ECLI:NL:GHLEE:2009:BI0909

Gerechtshof Leeuwarden

Datum uitspraak
24 maart 2009
Publicatiedatum
5 april 2013
Zaaknummer
107.002.110/01
Instantie
Gerechtshof Leeuwarden
Type
Uitspraak
Rechtsgebied
Civiel recht
Procedures
  • Hoger beroep
Rechters
  • A. Kuiper
  • J. Breemhaar
  • M. de Hek
Vindplaatsen
  • Rechtspraak.nl
AI samenvatting door LexboostAutomatisch gegenereerd

Bewijsopdracht en niet-ontvankelijkheid in hoger beroep bij geschil over basisuurtarief en geleverde beveiligingsdiensten

In deze zaak, behandeld door het Gerechtshof Leeuwarden, is op 24 maart 2009 een arrest gewezen in hoger beroep. De zaak betreft een geschil tussen twee appellanten en de geïntimeerde, die handelt onder de naam International Security Service Netherlands. In het tussenarrest van 9 december 2008 was de geïntimeerde opgedragen te bewijzen dat partijen een basisuurtarief van € 25,00 waren overeengekomen en dat de beveiligingsdiensten, zoals gefactureerd op 16 mei, 3 juni en 20 juli 2005, daadwerkelijk waren geleverd. De geïntimeerde heeft echter geen getuigen of schriftelijk bewijs kunnen overleggen ter ondersteuning van zijn stellingen.

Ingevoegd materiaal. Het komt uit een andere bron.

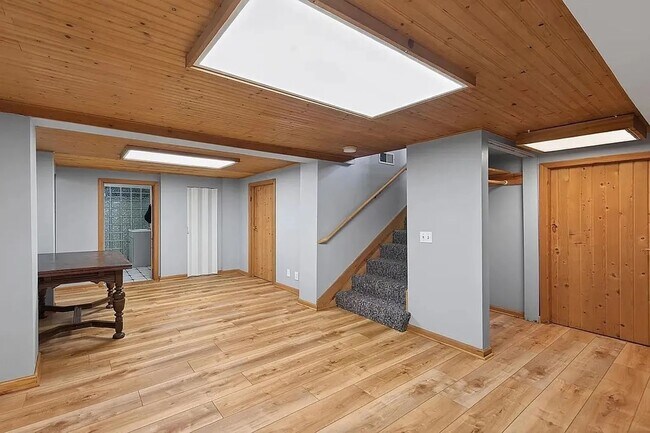 Building Photo - 944 Mahtomedi Ave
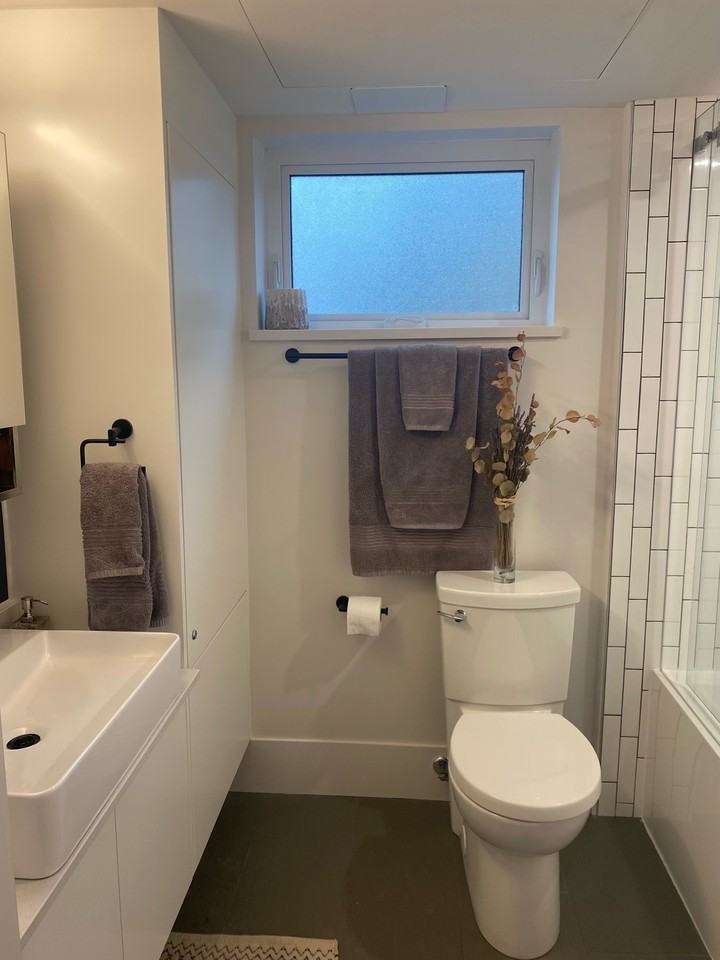 #401 -1716 Napier Street - Photo 3 of 17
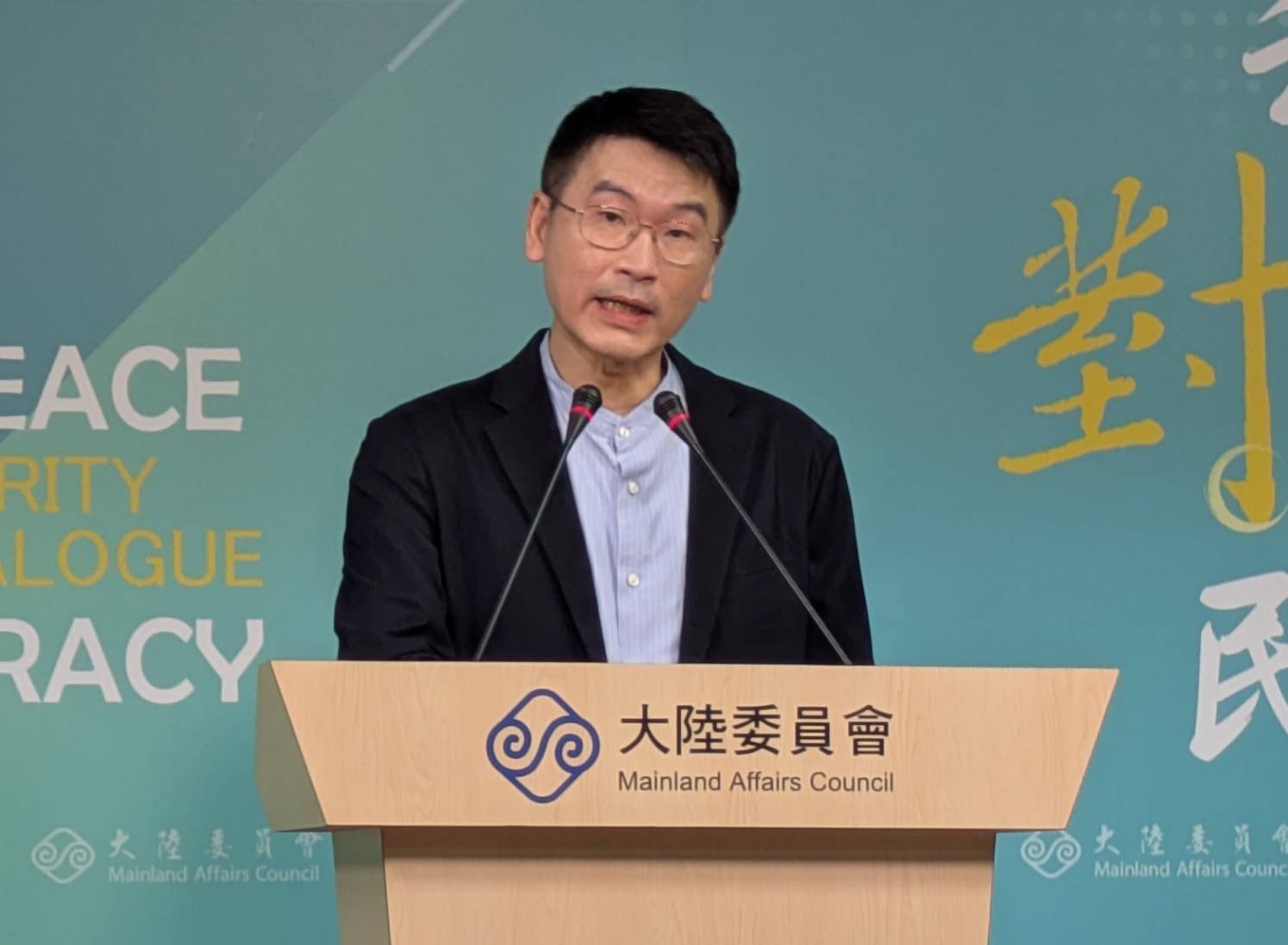 陸委會副主委梁文傑11日宣布，政府同意上海訪團來台參加雙城論壇。圖/高陸攝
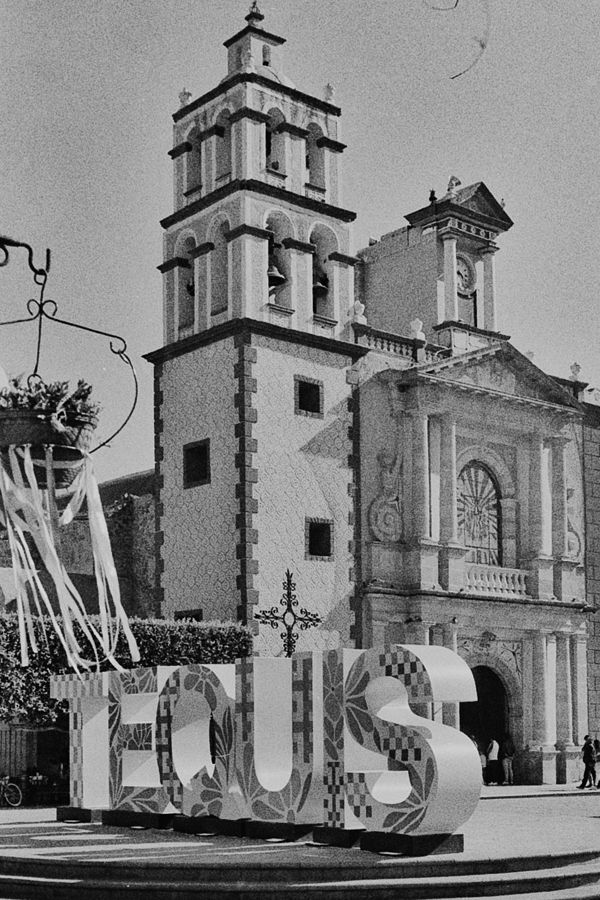 La parroquia de Tequisquiapan con las letras monumentales del pueblo al frente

Het hof oordeelt dat de geïntimeerde zijn bewijsopdracht niet heeft nagekomen. Hierdoor kan het hof niet aan de stellingen van de geïntimeerde voorbijgaan, wat leidt tot de conclusie dat de vorderingen van de geïntimeerde niet toewijsbaar zijn. Het hof vernietigt het vonnis van 28 maart 2007 en wijst de vorderingen van de geïntimeerde af. Tevens wordt de geïntimeerde veroordeeld in de proceskosten van het geding in eerste aanleg en in hoger beroep. De proceskosten worden vastgesteld op een totaalbedrag van € 635,-- aan verschotten en € 1.158,00 voor salaris procureur in eerste aanleg, en € 919,31 aan verschotten en € 1.158,00 voor salaris van de advocaat in hoger beroep. De proceskostenveroordeling is uitvoerbaar bij voorraad.

Uitspraak

Arrest d.d. 24 maart 2009
Zaaknummer 107.002.110/01
HET GERECHTSHOF TE LEEUWARDEN
Arrest van de eerste kamer voor burgerlijke zaken in de zaak van:
1. [appellant 1],
wonende te [woonplaats en -gemeente appellant 1],
hierna te noemen: [appellant 1],
2. [appellante 2],
wonende te [woonplaats en -gemeente appellante 2],
appellanten,
in eerste aanleg: oorspronkelijk gedaagden/eisers in verzet,
hierna gezamenlijk te noemen: [appellanten],
advocaat: mr. S.L. Elzinga, kantoorhoudende te Heerenveen,
tegen
[geïntimeerde],
handelende onder de naam International Security Service Netherlands,
wonende te [woonplaats geïntimeerde],
geïntimeerde,
in eerste aanleg: eiser,
hierna te noemen: [geïntimeerde],
advocaat: aanvankelijk mr. J.B. Dijkema, kantoorhoudende te Leeuwarden,
die zich heeft onttrokken.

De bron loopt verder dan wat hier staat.